Background built on grit.
I learned early that nothing worth keeping comes easy.
I’ve spent my career working in environments where plans collide with reality—on jobsites and boardrooms, in growing businesses under pressure, and on land that doesn’t care about forecasts or excuses. Those experiences shaped how I operate: solve the problem in front of you, make do with what you have, and leave things stronger than you found them.
My most significant role was that of a senior member of a leadership team of a fast-growing industrial construction company. Growth came fast and conditions were rarely ideal. My responsibility was to help keep the business standing while it scaled—tightening forecasting, enforcing contract discipline, aligning operations, and stepping in wherever the business was breaking. Over a short period, the company grew from under $30 million to nearly $100 million in revenue. That didn’t happen because conditions were perfect—it happened because people adapted, decisions got made, and problems were owned.

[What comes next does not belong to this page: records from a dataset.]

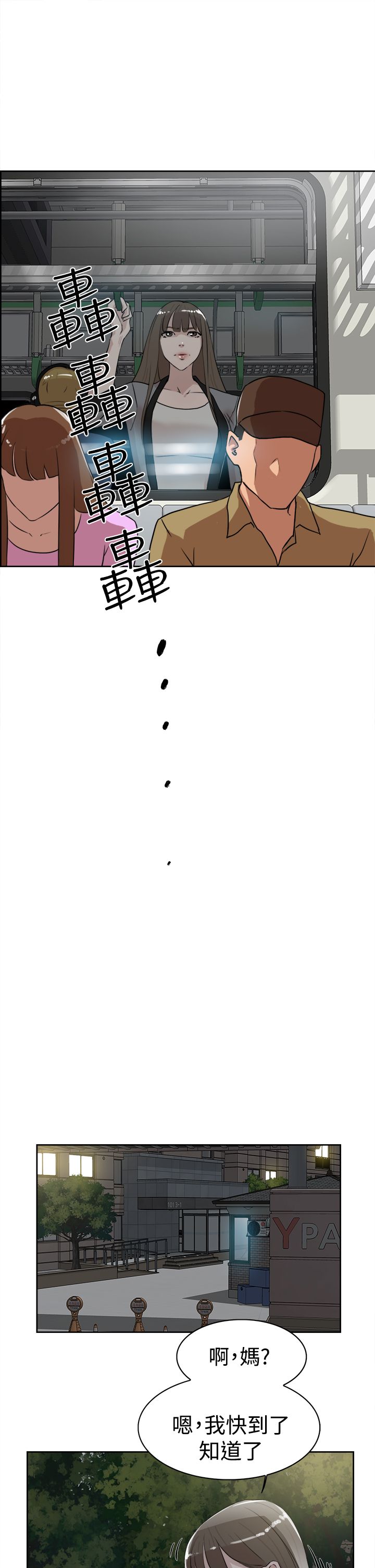 都市鞋匠漫画,第33章：掌心2图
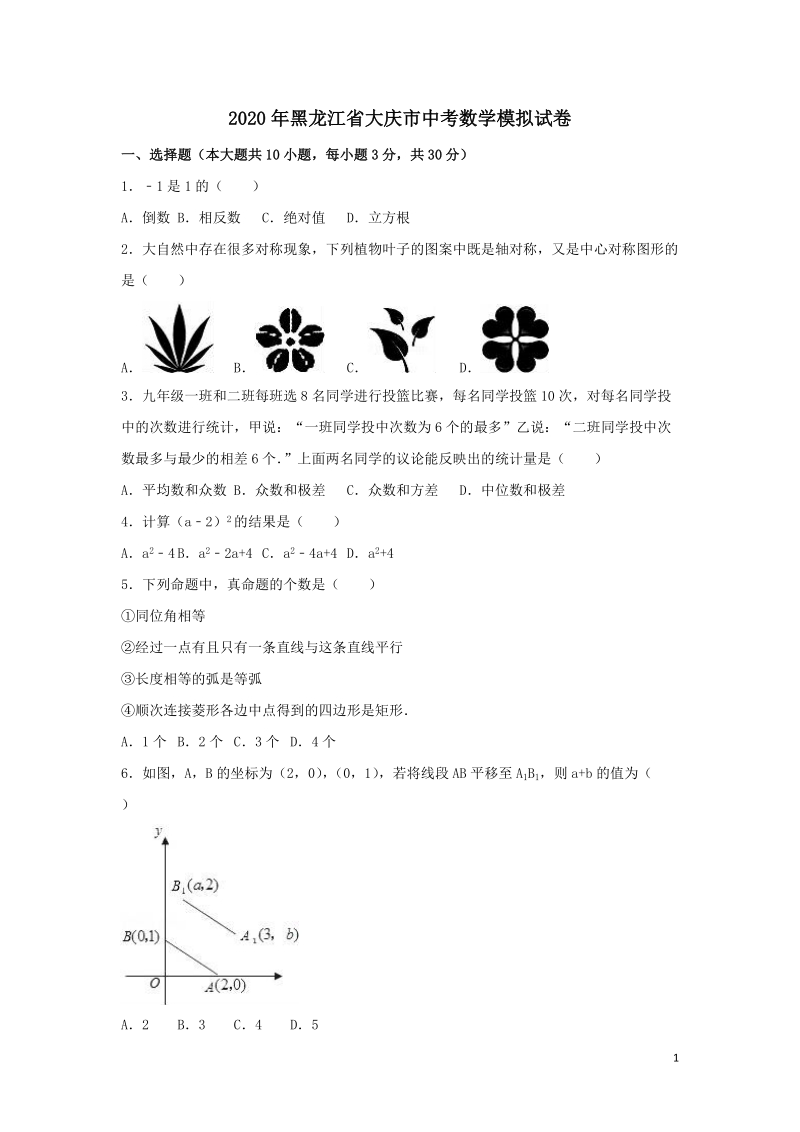 2020年黑龙江省大庆市中考数学模拟试卷含解析_第1页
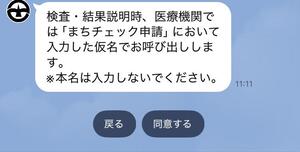 医療機関において仮名で呼ばれることに同意を求める画面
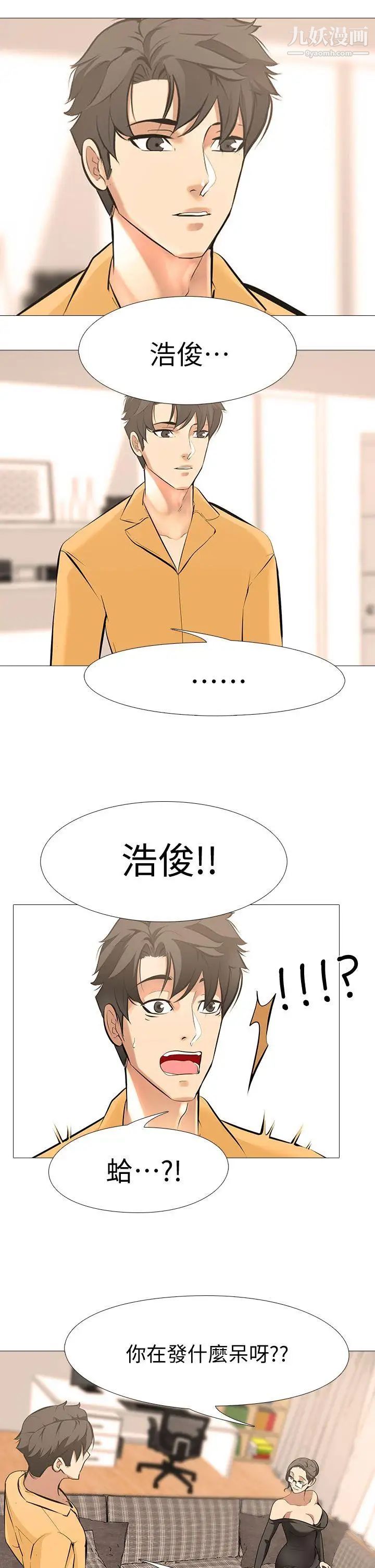 虐妻游戏第13话-老婆的空位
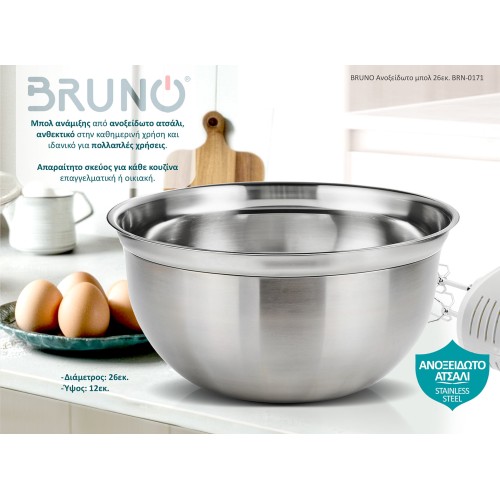 BRUNO ανοξείδωτο μπολ BRN-0171, 26εκ.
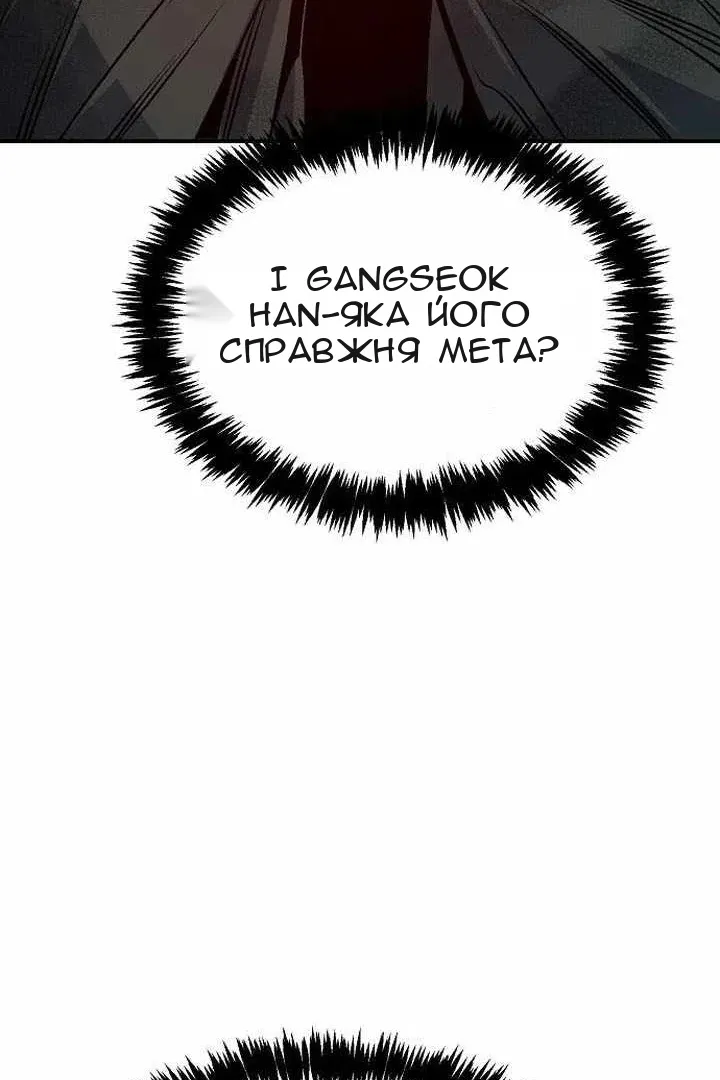 Сторінка 48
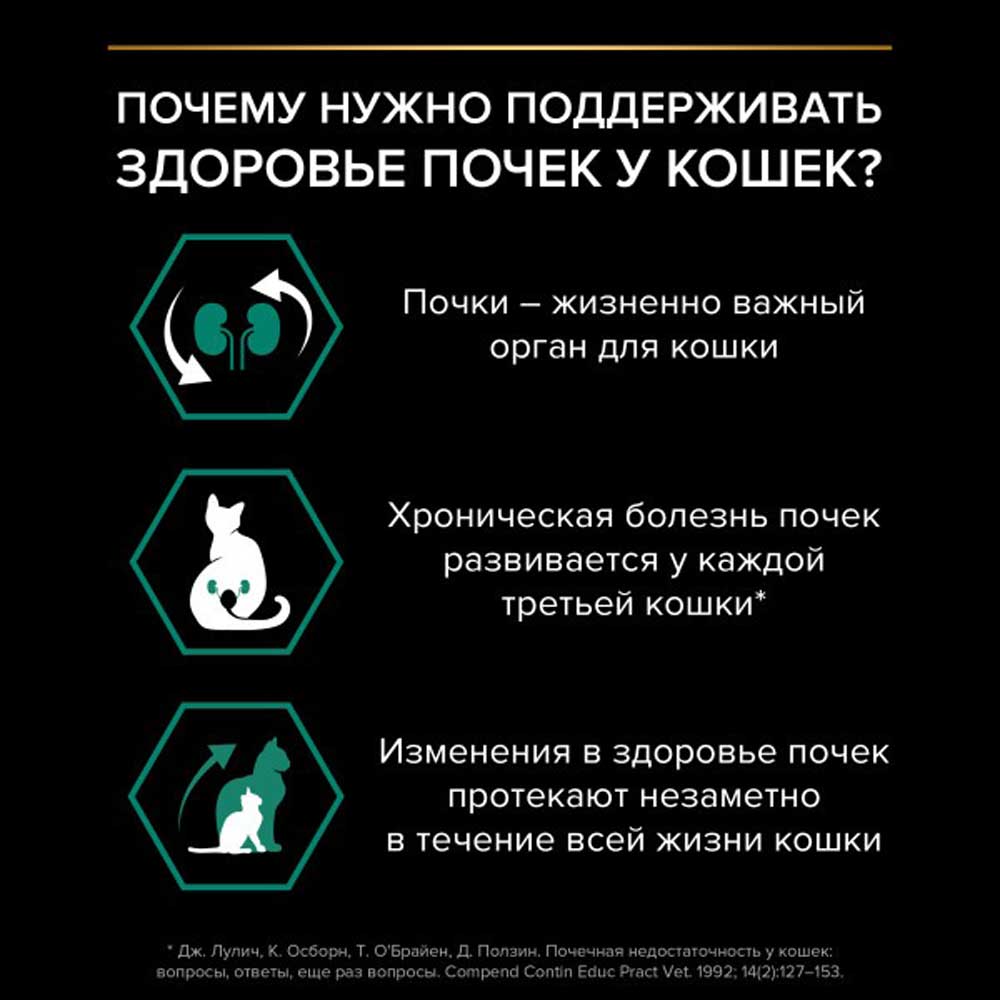 Сухой Корм Pro plan (Проплан) Adult Renal Plus Chicken Для Кошек Для Поддержания Здоровья Почек Курица 10кг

Before that, I earned my credibility inside construction operations—running warehouses, projects, fixing inventory, equipment and supply chain breakdowns, and overseeing the ground-up build of a 5 acre warehouse facility. Construction taught me toughness and accountability. When something goes wrong, you don’t debate it—you fix it. Strategy only matters if it survives weather, labor shortages, schedule pressure, and cost overruns.
My foundation is in marketing and public relations, where I learned how to build momentum with limited resources—earning attention, trust, and results without excess. That experience sharpened my ability to communicate clearly, adapt quickly, and turn constraints into leverage.
Outside of my professional work, I manage my family’s farm in tandem with my uncle—an operation that has been worked continuously for five generations. We manage hundreds of acres of farmland and rangeland and a commercial cattle operation. Farming hardens your perspective. You learn to work through bad years, unpredictable markets, and thin margins. You learn to repair instead of replace, improvise instead of complain, and make decisions that keep the operation alive for the next generation.
Across construction, finance, marketing, and agriculture, the thread is the same. I thrive in hard situations. I build systems that work when conditions aren’t perfect. I value ingenuity over polish, discipline over optimism, and resilience over shortcuts.
I don’t chase easy wins. I build things that last—because I’ve had to.